**HOW TO COMPLETE THIS TASK**. Starting with the line below that holds "Sommerpark Jardin du" and stopping after the line that holds "EiskalterEngel74 online show", transcribe the lines exactly, leaving out all pictures.

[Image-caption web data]
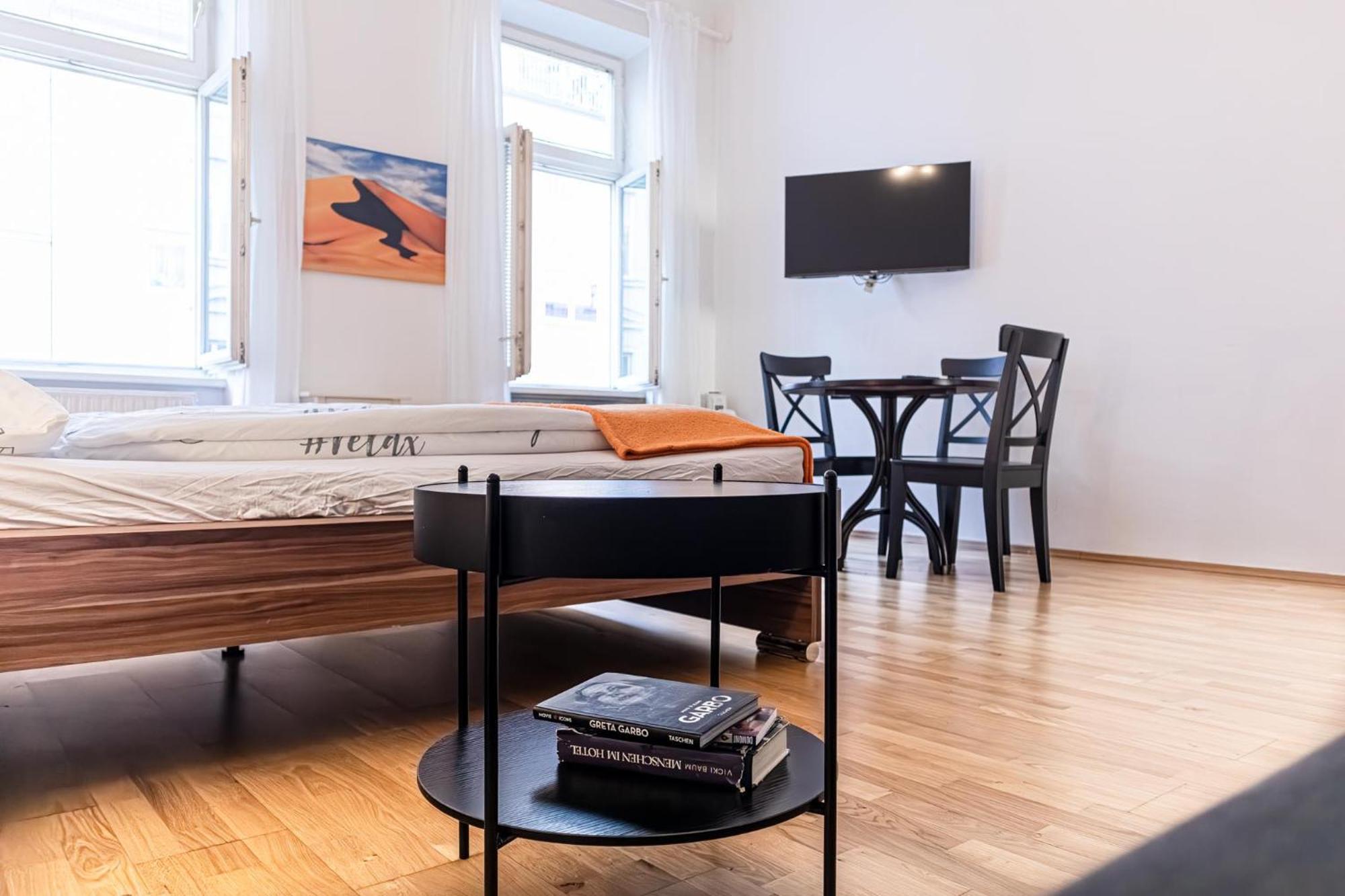 Elegance 2 Bedroom At Vienna's Vibrant Center Appartement Wenen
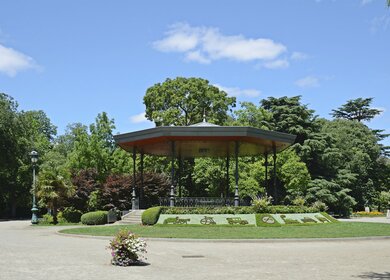 Sommerpark Jardin du Grand-Rond in der französischen Stadt Toulouse | © Gettyimages.com/olegmit 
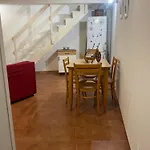 Tommy\'S House
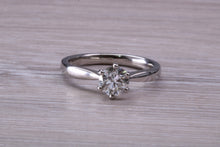 Load image into Gallery viewer, Elegant and Timeless One carat Diamond Solitaire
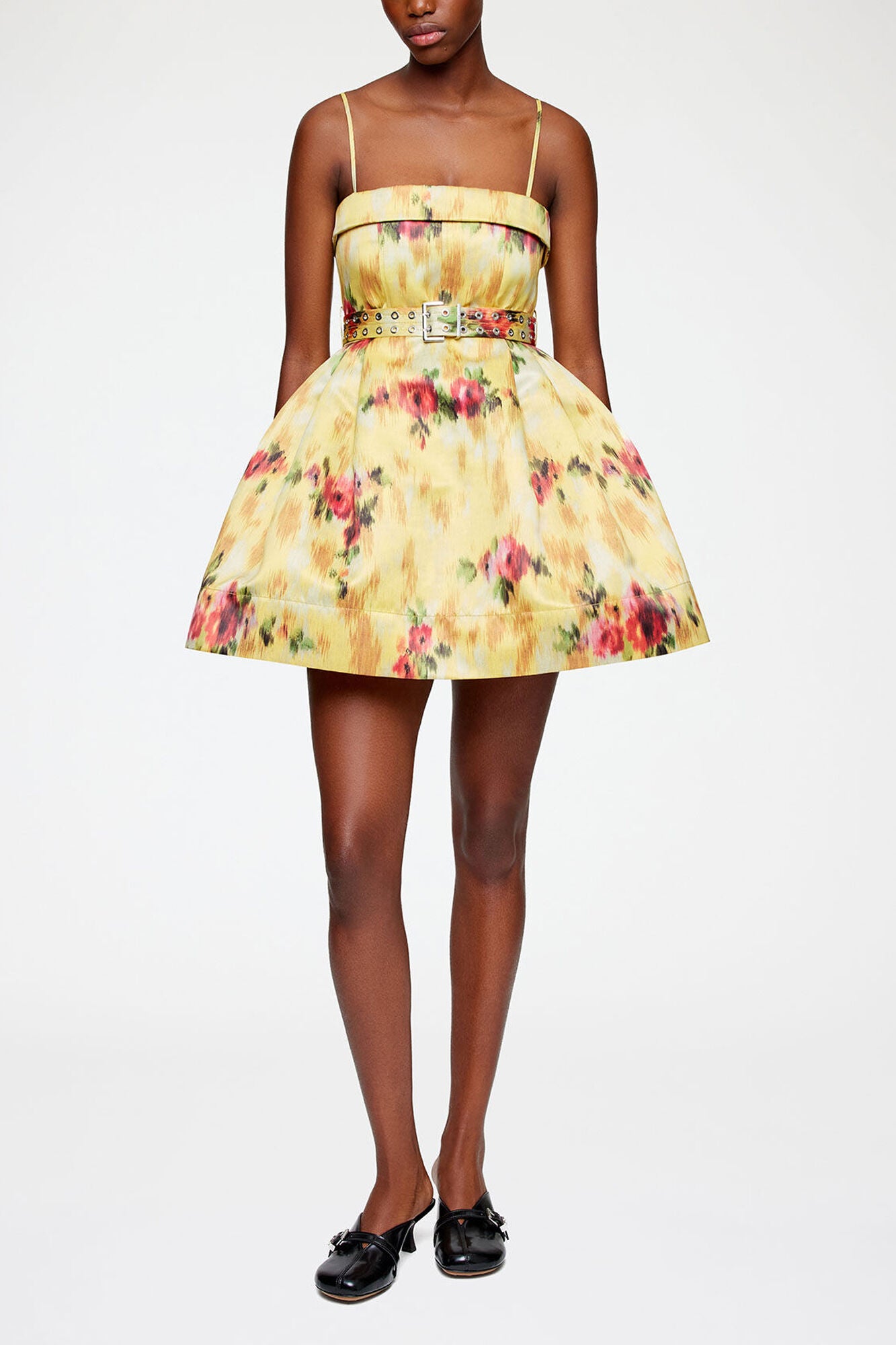Kleid aus bedrucktem Satin in Gelb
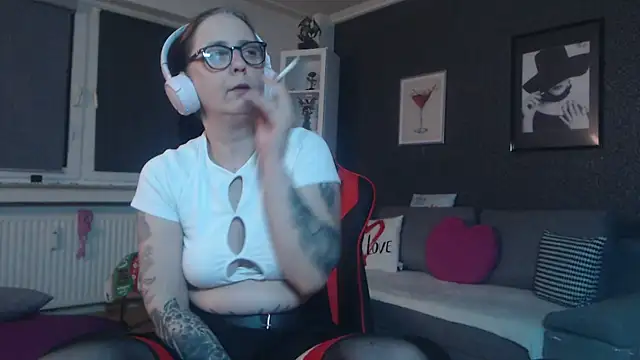 EiskalterEngel74 online show from 10, 1, 2025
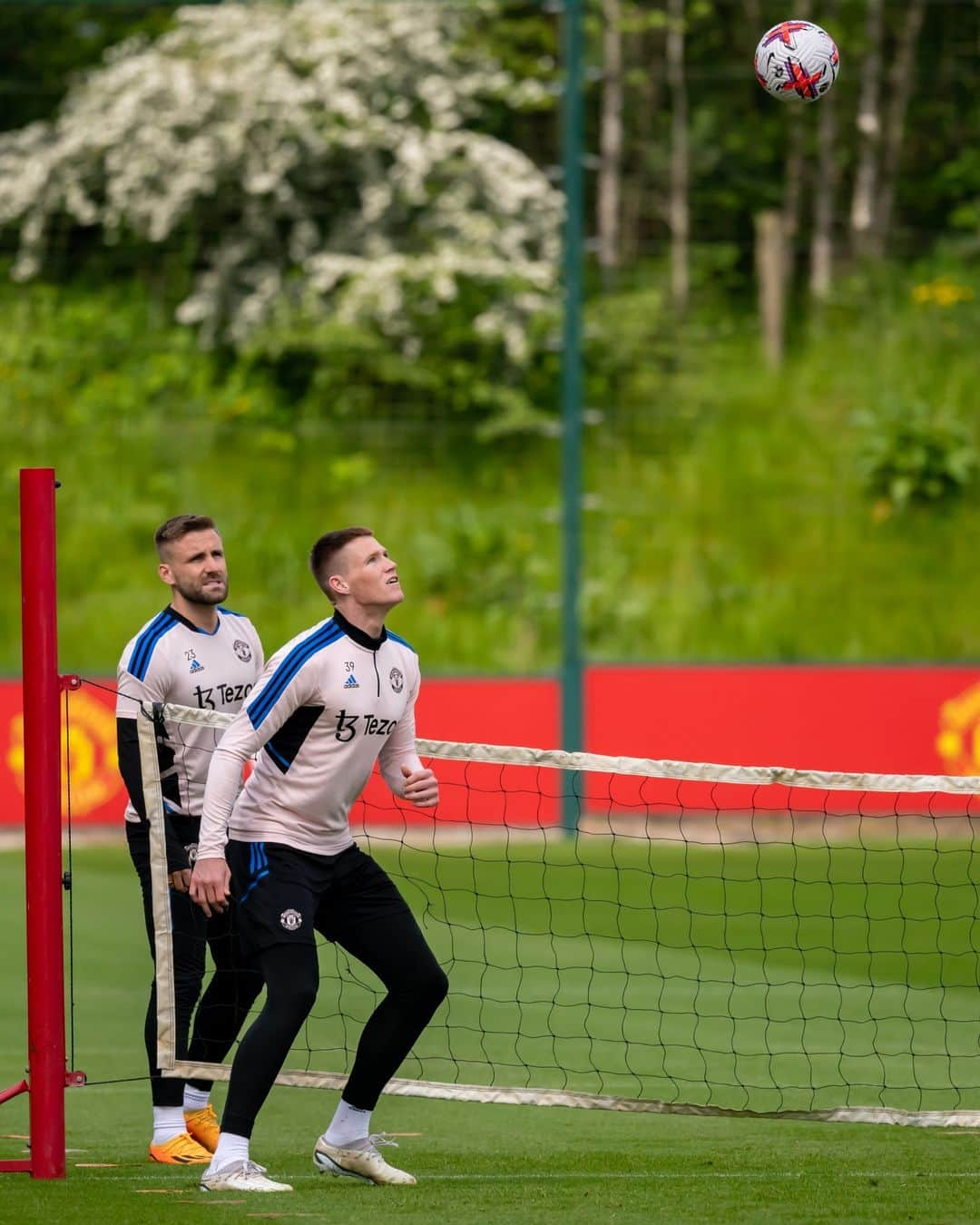 マンチェスター・ユナイテッドさんのインスタグラム写真 - (マンチェスター・ユナイテッドInstagram)「#WednesdayWorkout = complete ✔️  #MUFC #ManUtd #PremierLeague」5月18日 2時09分 - manchesterunited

**EXPECTED OUTPUT**.
 Sommerpark Jardin du Grand-Rond in der französischen Stadt Toulouse | © Gettyimages.com/olegmit 
 Tommy\'S House
 Load image into Gallery viewer, Elegant and Timeless One carat Diamond Solitaire
Kleid aus bedrucktem Satin in Gelb
 EiskalterEngel74 online show from 10, 1, 2025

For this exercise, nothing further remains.